Mother's Pride (1)
The first instalment of my new short story, published exclusively on Substack
Doris moved her little finger back and forth across the pile of the Axminster carpet at the bottom of her stairs. The daylight slipped away through the reeded glass of the front door. It soothed her, knowing that she’d vacuumed this morning. Doris had cared for the carpet longer than her son Gordon and it had lasted longer than her marriage. What a brilliant investment, she thought. Professionally cleaned every year; she banned outdoor shoes in the house. But as lovely and springy as the carpet was, it had not been enough to insulate Doris’s frail body from hitting every step on the way down.
Doris feared that the cracking noise she’d heard as she fell was not the wooden spindles being knocked out of place on her way down, but her hip. Her teeth would not stop chattering. The searing pain from her hip was becoming unbearable.

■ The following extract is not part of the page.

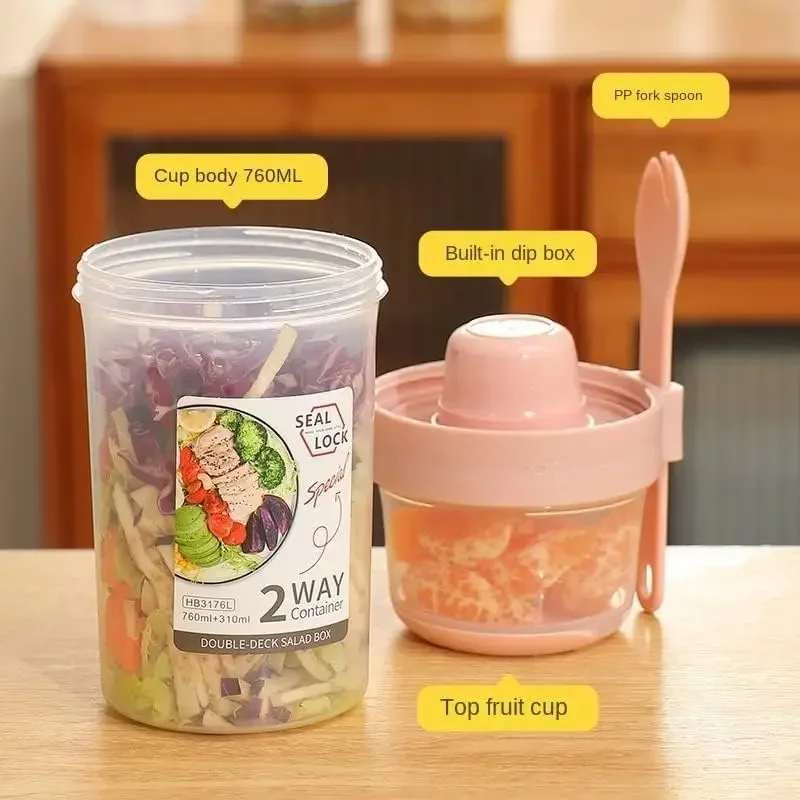 JUSTINLAU Portable Fitness Wei - Salad Container Jar ulasan dan harga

The day she went into labour with Gordon twenty-four years ago, a nurse told her to breathe through her pains. Trying to take a deep breath through her nose, she felt like she needed to burp. It wasn’t helping. Intense heat surged up from her chest to her cheeks. Her heart raced.
She hoped the Shepherd's pie would be good for another day in the fridge.
There was only one man in Doris’s life and that was her son, Gordon. There was certainly nothing wrong with an adult son living with his mum. She just loved looking after him.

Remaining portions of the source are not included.